Sana helâl olmasın, Kumlu, helâl olmasın! (DİP Girişimi Bildirisi - 21-01-2010)
Şimdi iş, 17 ocak günü sahneye çıktığınızda Türk-İş kürsüsünün mikrofonundan atılan "Genel grev, genel direniş!" sloganını hayata geçirmektir. Bu slogan madem Türk-İş mikrofonundan atılmıştır, şimdi onu uygulamak Türk-İş yöneticilerinin görevidir. Bir aydan fazla bir süredir vermekte olduğunuz mücadelenin başarıya ulaşması için, Türk-İş öncülüğünde, öteki sendika konfederasyonlarını ve meslek odalarını da yanına alan bir genel grev hayati bir önem taşıyor.
Bundan kazanan sadece siz olmayacaksınız. Sadece itfaiye işçisi, Şeker işçisi ve mücadele eden öteki işçiler olmayacak. Bütün işçiler ve kamu emekçileri kazanacak. Ama mücadele yarı yolda kalırsa, bunun sonuçları da bütün işçi sınıfı aleyhine olacak. Kıdem tazminatı işçi sınıfının elinden alınacak. Şekerden elektriğe ve kamu bankalarına kadar özelleştirme devam edecek. Taşeronlaşma yayılmaya devam edecek. Sendikalaşmanın önündeki engeller kaldırılmayacak. İşverenler sendikalaşan işçiyi pervasız biçimde işten atmaya devam edecek.
Kahraman Tekel işçileri!
Değerli aileler!
Şimdi AKP hükümetine geri adım attırmak için önce Mustafa Kumlu ve benzerlerinin yarattığı engeli aşmak zorundasınız. Mücadelenin yakın hedefi budur. Sendikacılar size kürsüden inmeniz için "genel grev" sözü verdiler. Sözlerini yerine getirsinler! Türk-İş ya Kumlu'nundur, o zaman AKP'ye hizmet edecektir; ya sizindir, işçinindir, o zaman genel grev ilân edecektir. Ara yol yoktur!
İşçiler sendika için yoktur! Sendika işçiler için vardır! Tekel direnişinin kaderini belirleyecek kararlarda bu direnişi sürdüren, soğukla, yağmurla, çamurla boğuşan gerektiğinde cop ve gaza karşı duran işçilerin söz sahibi olması için artık bir direniş komitesi mutlaka kurulmalıdır. Son gelişmelerle artık bu bir zorunluluk halini almıştır.
Sizin mitingde konuşan arkadaşınız Hatice Konak, "biz alnımızın teriyle, helâlinden kazandık, helâlinden" dedi.

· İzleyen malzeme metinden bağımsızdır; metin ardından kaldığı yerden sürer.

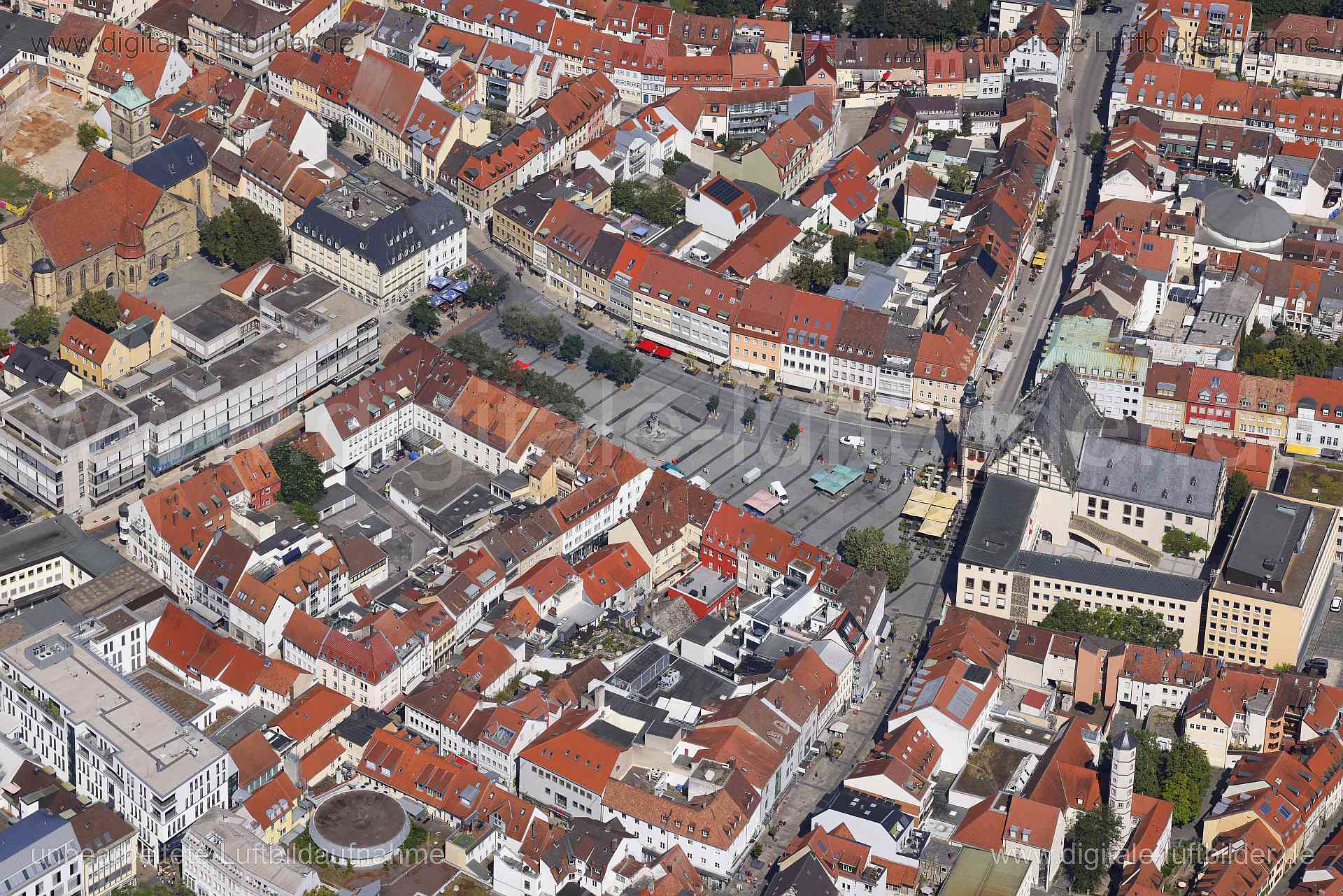 Luftaufnahme Marktplatz Schweinfurt in Schweinfurt | Unterfranken, Bayern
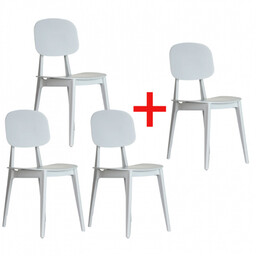 Krzesło do jadalni plastikowe SIMPLY 3+1 GRATIS, białe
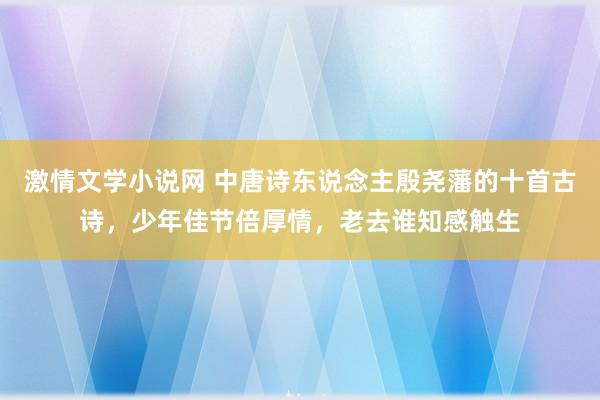 激情文学小说网 中唐诗东说念主殷尧藩的十首古诗，少年佳节倍厚情，老去谁知感触生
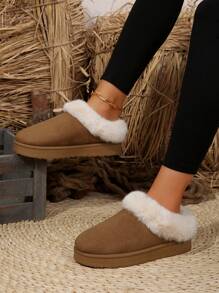 Women's Snow Boots, New 2024 Winter Thick Thermal Lined Furry Warm Ankle Boots, Thick Bottom
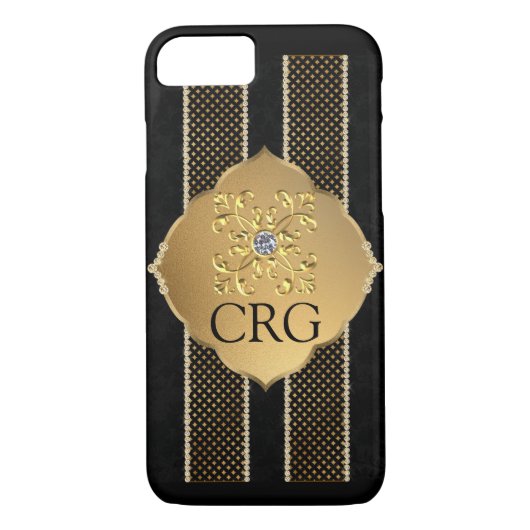 Classy Chic Gold Black Bling Monogram Case-Mate iPhone Case (Achterkant)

Mustafa Kumlu ise, sizin mücadelenizi övdü, "Helâl olsun size, helâl olsun!" dedi. Siz de ona dönün deyin ki: "Ey, Mustafa Kumlu, genel grevi örgütlemezsen, biz sana hakkımızı helâl etmiyoruz. Bizim aidatlarımızla saltanat sürdün. Şimdi görevin bize hizmet etmektir. Tayyip Erdoğan'a değil! Ya görevini yap, ya çek git!"
Türk-İş göreve, genel greve!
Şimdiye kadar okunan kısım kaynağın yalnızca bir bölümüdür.